All types of mortgages are included here, such as 30-year fixed-rate mortgages, 15-year fixed-rate mortgages, and Adjustable-Rate Mortgages.

These below 3%-mortgages are free money in real terms because inflation is currently running at about 3% and accelerating, and if borrowing costs run at the rate of inflation or below, it equates to getting free money.

These mortgages were a result of the Fed’s reckless monetary policies that caused home prices to explode in many markets by 50% and much more in just two years, and those too-high home prices and ultra-low mortgage rates have now locked up the housing market for three years.

These homeowners have been altering the course of their lives by avoiding to move, or by not being able to afford to move, which would require losing an ultra-low mortgage and buying the next home at a price that had exploded by 50% or more in a couple of years to an absurd level, and then financing this absurd price at a historically normal rate.

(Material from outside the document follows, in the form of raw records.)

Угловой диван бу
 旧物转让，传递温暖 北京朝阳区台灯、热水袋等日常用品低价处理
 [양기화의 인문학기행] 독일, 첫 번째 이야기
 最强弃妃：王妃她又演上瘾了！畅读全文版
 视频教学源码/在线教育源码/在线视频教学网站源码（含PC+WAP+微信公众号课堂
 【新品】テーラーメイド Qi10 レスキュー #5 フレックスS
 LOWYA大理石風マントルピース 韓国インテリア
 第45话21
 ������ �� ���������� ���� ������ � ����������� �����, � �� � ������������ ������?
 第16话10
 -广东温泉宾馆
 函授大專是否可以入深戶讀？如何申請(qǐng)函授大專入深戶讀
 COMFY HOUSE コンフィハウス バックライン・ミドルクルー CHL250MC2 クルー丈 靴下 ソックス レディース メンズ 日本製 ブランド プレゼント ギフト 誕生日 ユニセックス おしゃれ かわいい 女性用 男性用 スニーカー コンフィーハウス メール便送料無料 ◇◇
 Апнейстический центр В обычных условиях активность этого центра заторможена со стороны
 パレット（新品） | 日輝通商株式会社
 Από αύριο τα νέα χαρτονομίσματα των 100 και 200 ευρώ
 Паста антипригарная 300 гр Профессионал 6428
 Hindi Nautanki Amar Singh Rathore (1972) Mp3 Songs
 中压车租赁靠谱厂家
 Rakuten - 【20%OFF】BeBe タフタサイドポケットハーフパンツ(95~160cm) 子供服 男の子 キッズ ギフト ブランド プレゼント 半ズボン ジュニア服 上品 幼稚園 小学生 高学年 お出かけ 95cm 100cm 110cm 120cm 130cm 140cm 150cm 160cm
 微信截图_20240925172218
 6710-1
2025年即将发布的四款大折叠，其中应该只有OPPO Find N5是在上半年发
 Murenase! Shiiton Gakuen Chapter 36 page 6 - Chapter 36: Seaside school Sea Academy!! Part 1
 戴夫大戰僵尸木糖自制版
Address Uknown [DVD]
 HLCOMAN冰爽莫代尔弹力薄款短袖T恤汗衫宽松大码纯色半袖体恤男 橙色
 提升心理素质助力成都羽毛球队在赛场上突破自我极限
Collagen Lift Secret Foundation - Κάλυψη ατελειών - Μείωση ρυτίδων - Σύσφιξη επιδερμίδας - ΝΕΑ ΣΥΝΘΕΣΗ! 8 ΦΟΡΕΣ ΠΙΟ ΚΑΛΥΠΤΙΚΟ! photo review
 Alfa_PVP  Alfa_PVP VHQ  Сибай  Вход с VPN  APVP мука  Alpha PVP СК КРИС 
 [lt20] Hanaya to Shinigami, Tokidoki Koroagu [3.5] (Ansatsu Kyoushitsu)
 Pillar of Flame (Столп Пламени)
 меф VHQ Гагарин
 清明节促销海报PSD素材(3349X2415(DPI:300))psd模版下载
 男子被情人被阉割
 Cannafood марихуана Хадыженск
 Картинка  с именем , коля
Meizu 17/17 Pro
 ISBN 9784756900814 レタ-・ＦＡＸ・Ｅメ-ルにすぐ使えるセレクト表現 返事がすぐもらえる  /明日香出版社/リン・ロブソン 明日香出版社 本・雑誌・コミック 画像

But life happens: career-moves, divorces, deaths, family additions, etc., and so a small number of those mortgages get paid off every quarter anyway, and their share shrinks slowly. It will take years to get this worked out.

The share of 4.0% to 4.99% mortgages declined to 17.9%, the lowest share in the FHFA’s data going back to 2013, and down from the peak in 2019 of 40%.

Conversely, the share of 6%-plus mortgages rose 19.7% of all mortgages in Q2, the highest since Q4 2015, up from a share of 7.3% at the low point in Q2 2022 (red in the chart below).

The increase is so slow because home sales have plunged and refinancings have collapsed, and so demand for mortgages has plunged, and a much smaller number of mortgages are being originated.

The share of 5.0% to 5.99% mortgages has remained roughly stable over the past two years, around the 10%-line. In Q2, the share was 9.9% of all mortgages outstanding (blue).

There are currently fixed-rate mortgages offered in this range. For example, the interest rate of the average conforming 15-year mortgage was 5.49% in the latest week, according to Freddie Mac. The Navy Federal Credit Union, for example, quotes 30-year-fixed VA loan rates “as low as” 5.375%.

So new mortgages in that rate bracket are currently being originated at about the same pace as old mortgages are being paid off.

The below-5% average 30-year fixed mortgage was a creature of the Fed’s QE. They didn’t exist until the Fed started buying trillions of dollars of securities, including Mortgage-Backed Securities, starting at the beginning of 2009, and then massively in 2020 through early 2022, which produced the below-3% mortgages.

But since mid-2022, the Fed has been attempting to tamp down on some of the damage – the historic home price explosion and the surge of consumer price inflation – with its QT. By now it has shed $2.36 trillion in assets, and that continues.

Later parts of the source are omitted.